>>>>

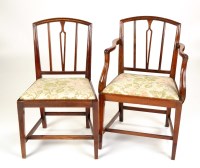 Lot 1158 - A Harlequin set of six single and two arm very...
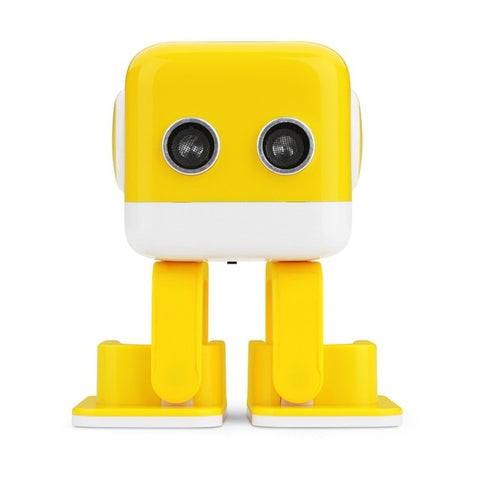 WLTOYS Cubee RC Robot Toy Smart Bluetooth Speaker Intelligent Musical Dancing Machine LED Face Desk Kids Gift Gesture Interative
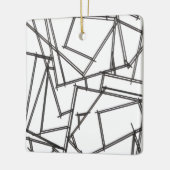 Schwarz-Weiß-Geometrisch Keramikornament (Links)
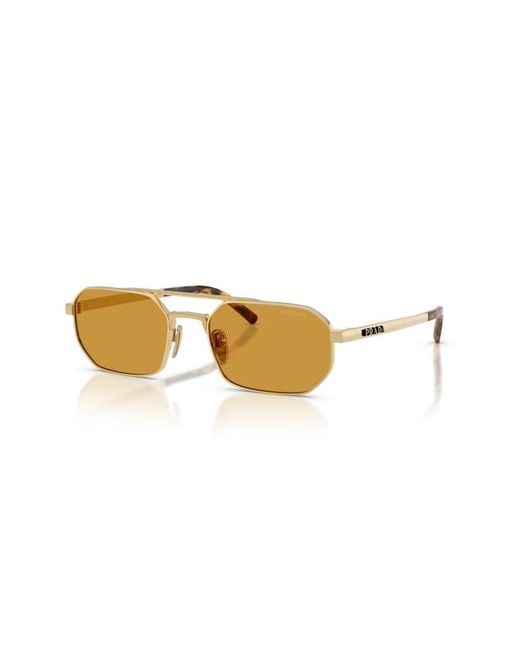 Prada Metallic Eyewear Geometric Frame Snglasses for men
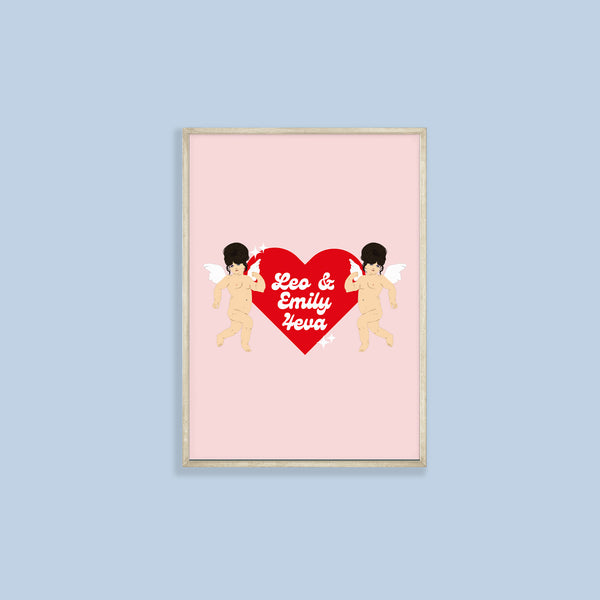 Custom Cherub Couple's Art Print
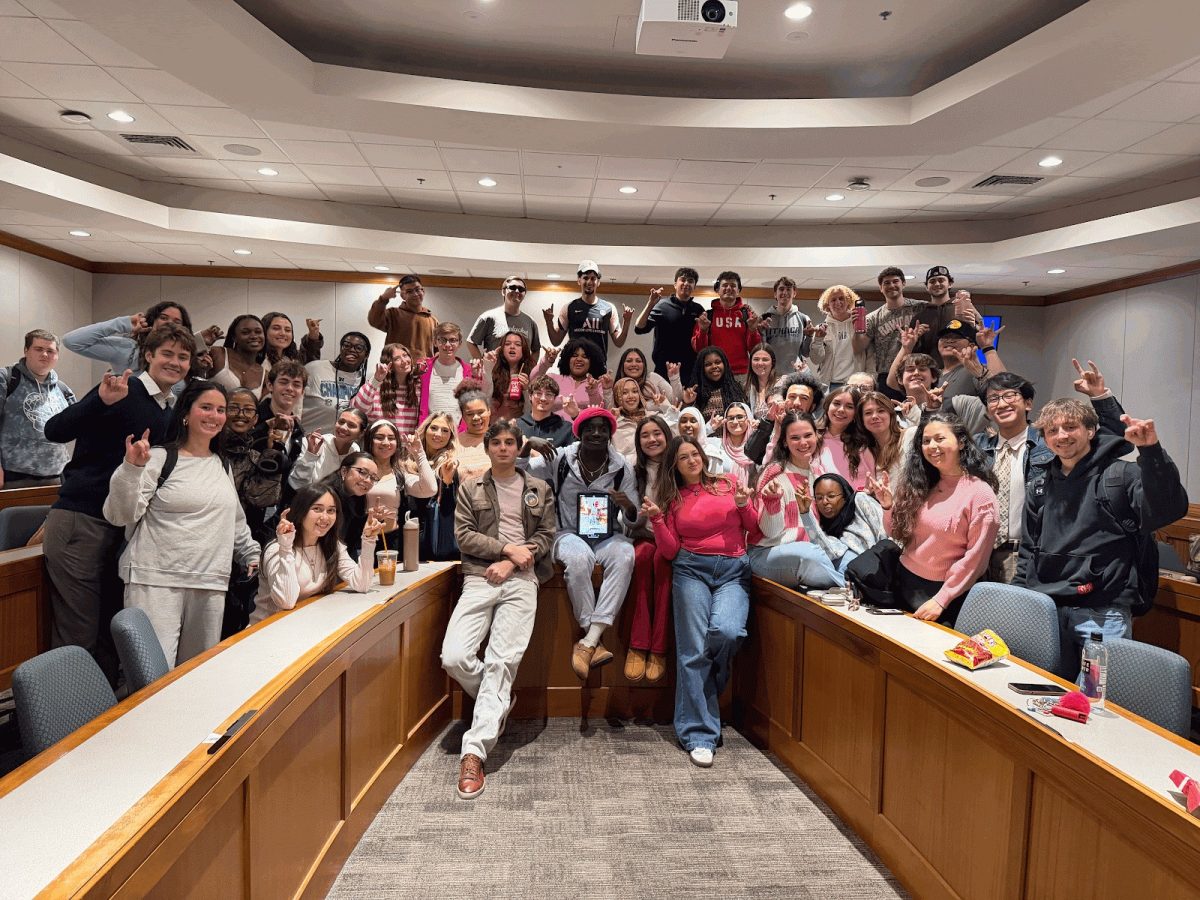 SGA senate dressed in “Pink Out” for Breast Cancer Awareness month.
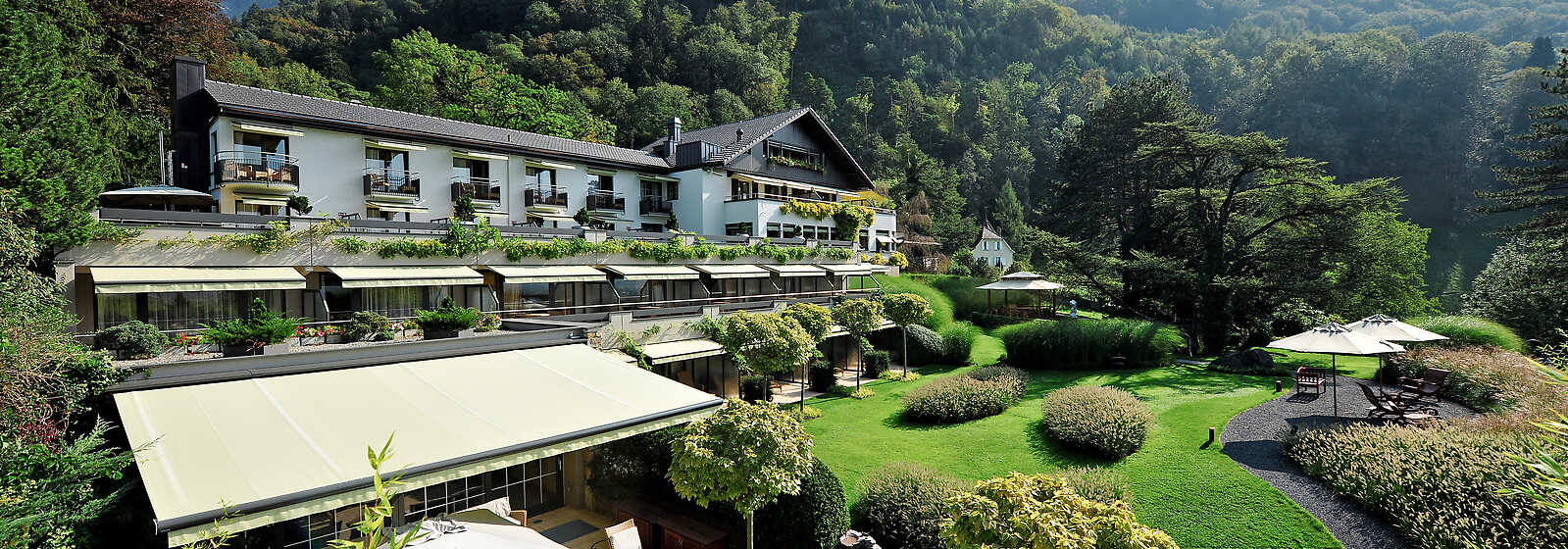 Aerial View of Park Hotel Sonnenhof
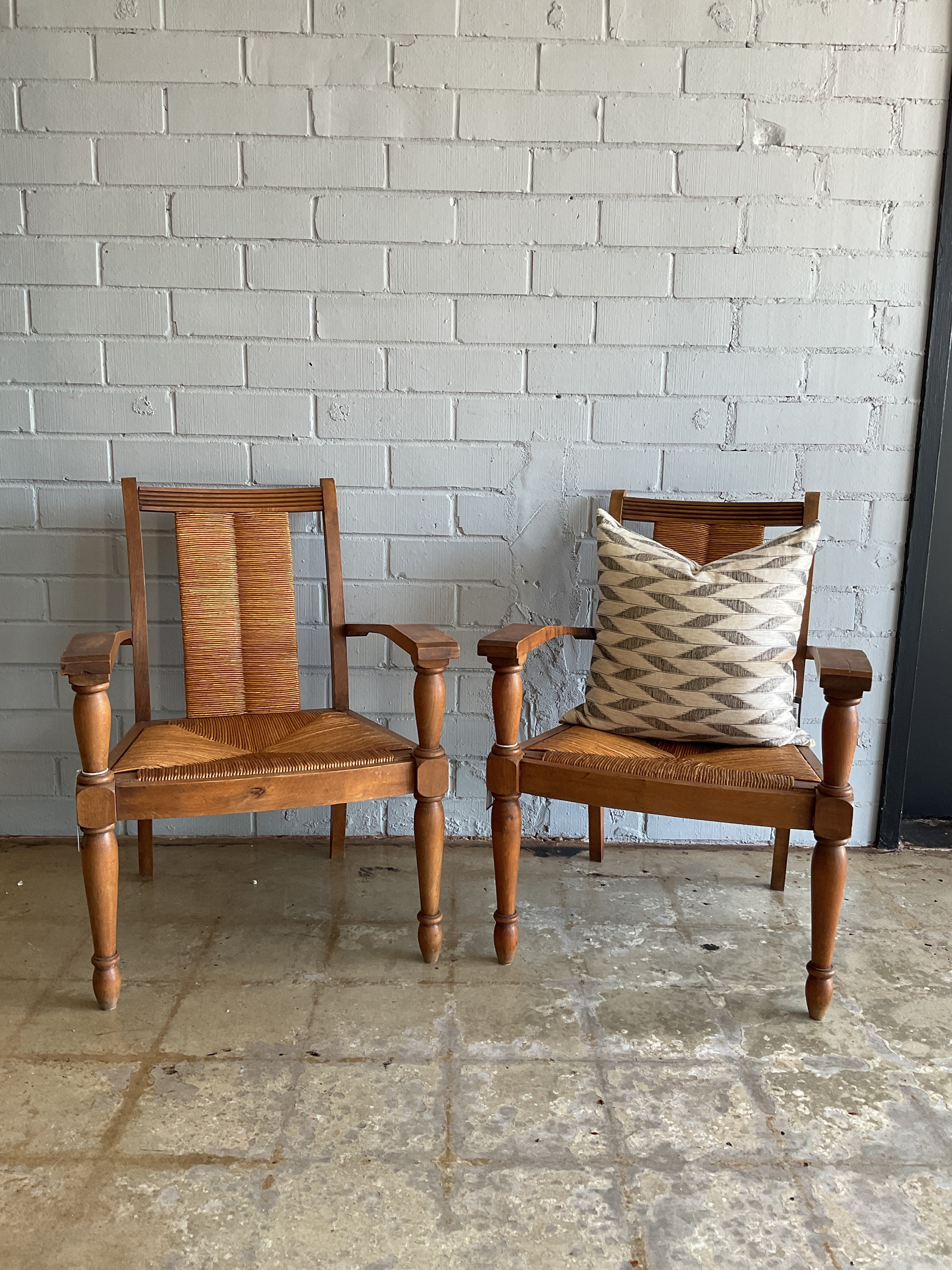 PAIR OF CHAIRS BY AUDOUX-MINET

<<<<

-- About this task --
Copy exactly the lines that run from the one containing "WLTOYS Cubee RC" to the last line of the records, both included, and leave out every picture.

-- Written answer --
 WLTOYS Cubee RC Robot Toy Smart Bluetooth Speaker Intelligent Musical Dancing Machine LED Face Desk Kids Gift Gesture Interative
 Schwarz-Weiß-Geometrisch Keramikornament (Links)
 Prada Metallic Eyewear Geometric Frame Snglasses for men
 Custom Cherub Couple's Art Print
 SGA senate dressed in “Pink Out” for Breast Cancer Awareness month.
 Aerial View of Park Hotel Sonnenhof
 PAIR OF CHAIRS BY AUDOUX-MINET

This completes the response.